Abaza Mehmed Paşa

Abaza Mehmed Paşa (1576-1634), Osmanlı veziri, valisi, devlet adamı, kumandanı ve aynı zamanda isyancı lideri. Celali isyanları diğer birçok liderleri gibi hem Osmanlı Devleti'nin yüksek kademelerinde görev aldı, hem de Osmanlı Devleti'ne karşı bayrak açtı.

Abaza Mehmed Paşa, Teramo Castelli'nin çizimi

Kariyerinin başlangıcı

değiştir

Abaza asıllı ve köle kökenli bir devlet adamı olan Abaza Mehmed Paşa, Halep valisi Canbolatoğlu Ali Paşa'nın hazinedarı olarak kariyerine başladı. Canbolatoğlu ailesi Halep'in nesilden nesile geçen valileriydi. Abaza Mehmed Paşa, Canbolatoğlu Ali Paşa'nın başlattığı Celali isyanlarında onun yanında yer aldı. 1607 yılında Canbolatoğlu'nun Amik ovasında Osmanlı sadrazamı Kuyucu Murat Paşa'nın ordularına yenilmesi sonucu esir düştü.
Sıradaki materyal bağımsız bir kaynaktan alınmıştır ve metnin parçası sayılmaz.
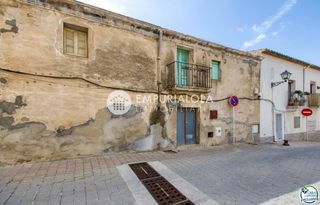 Chalet  Carrer nou. Autenticidad y potencial casa de pueblo con voltes catalanes en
Yeniçeri ağası Halil Paşa'nın araya girmesi sonucu ölümden kurtuldu ve bundan sonra Halil Paşa'nın himayesinde Osmanlı hizmetine girdi.

Osmanlı Devleti hizmeti

değiştir

Halil Paşa, Osmanlı hanedanından bir kızla evlenerek Damat Halil Paşa oldu. Kaptan-ı Derya tayin edilince Abaza Mehmed Paşa'yı da Derya Beyi yaptı. Abaza Mehmed Paşa silahtarlık, Halep ve Maraş beylerbeyliği yaparak Osmanlı Devleti kademelerinde yükseldi. Osmanlı-İran Savaşları sırasında Erzurum beylerbeyi olarak görev yapmaktadır. 1617 yılında Damat Halil Paşa sadrazamlığa getirildi ve Serdar-ı Ekrem sıfatıyla İran'a giderken Abaza Mehmed Paşa'yı da beraberinde götürdü.
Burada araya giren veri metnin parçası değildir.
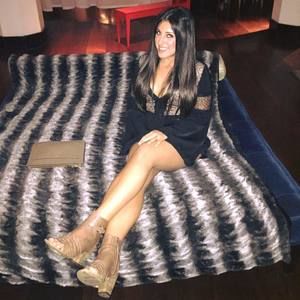 Meet your Posher, Dona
İran'la yapılan savaşlar Doğu Anadolu Bölgesi'nde halk arasında büyük sancılara neden olmuştu. Örneğin Erzurum'da Osmanlı-İran Savaşları dolayısıyla çok sayıda yeniçeri bulunuyordu. Savaşlar sırasında çok sıkıntıya düşmüş olan Erzurum halkı ile halka kötü davranan yeniçeriler arasında büyük bir anlaşmazlık ortaya çıkmıştı. Bu arada Osmanlı padişahı Genç Osman yeniçeriler tarafından tahttan indirilmiş ve acımasızca öldürülmüştü. Bu olaylar sonucu Abaza Mehmed Paşa yeniçeri ocaklarının kaldırılması gerektiği sonucuna vardı. O yüzden 1624 yılında kendi beylerbeyliği bölgesindeki birçok yeniçeriyi yakalatıp öldürterek bir Celali isyanı başlattı.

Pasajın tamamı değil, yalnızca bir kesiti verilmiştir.